== ACTIVITY ==
Would you retype the whole listing exactly, leaving its pictures out?

== INPUT DATA ==
________________________

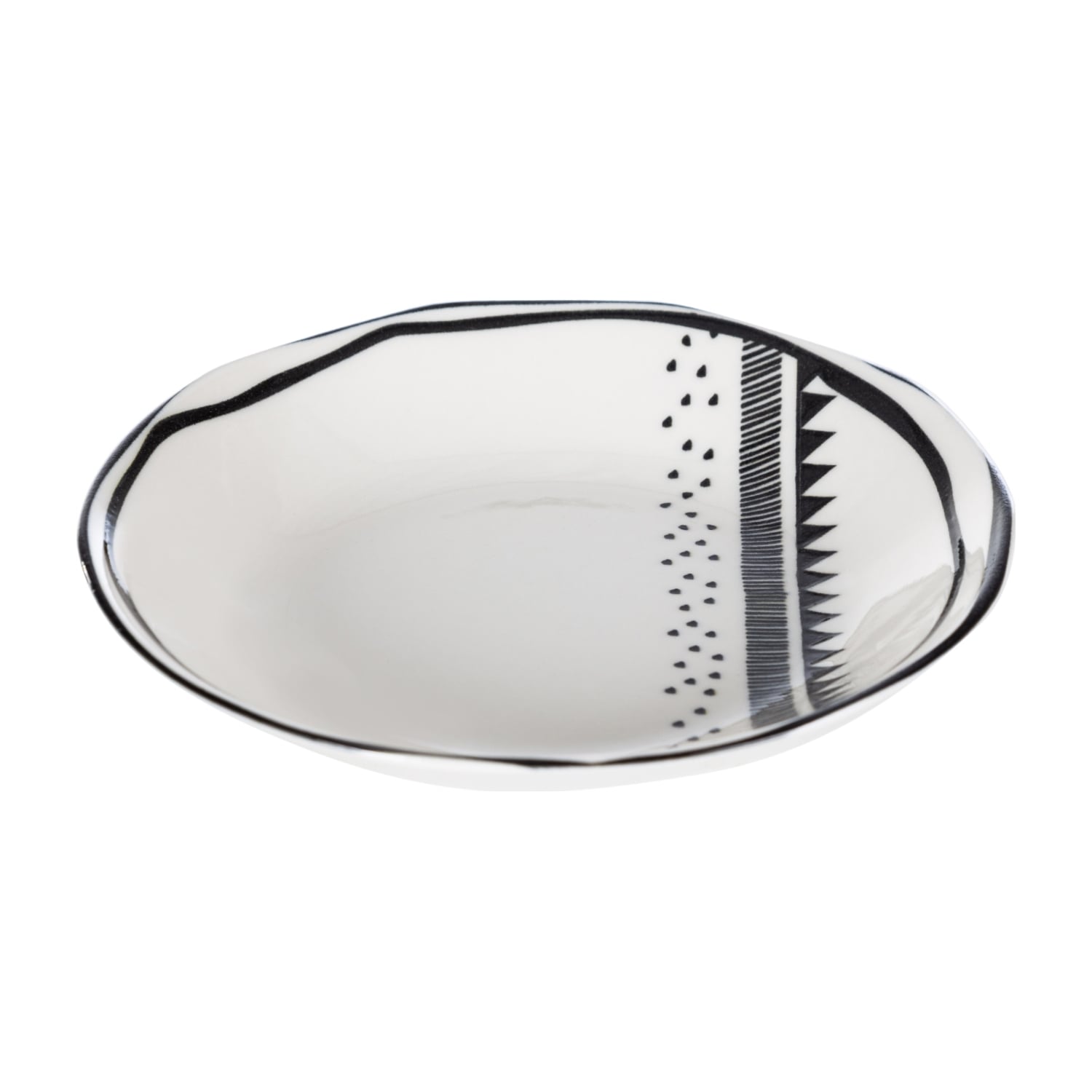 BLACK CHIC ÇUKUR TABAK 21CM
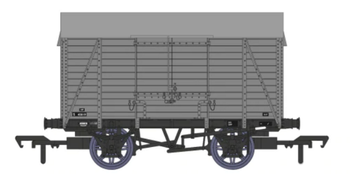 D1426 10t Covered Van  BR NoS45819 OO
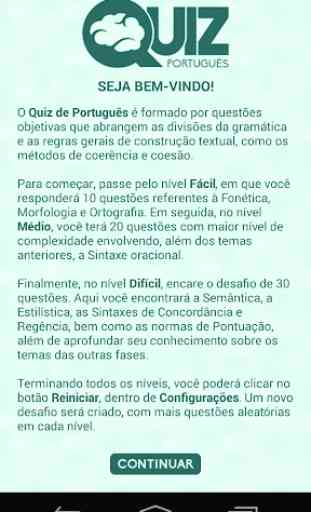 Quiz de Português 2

________________________

== EXERCISE ANSWER ==
 BLACK CHIC ÇUKUR TABAK 21CM
 D1426 10t Covered Van  BR NoS45819 OO
 Quiz de Português 2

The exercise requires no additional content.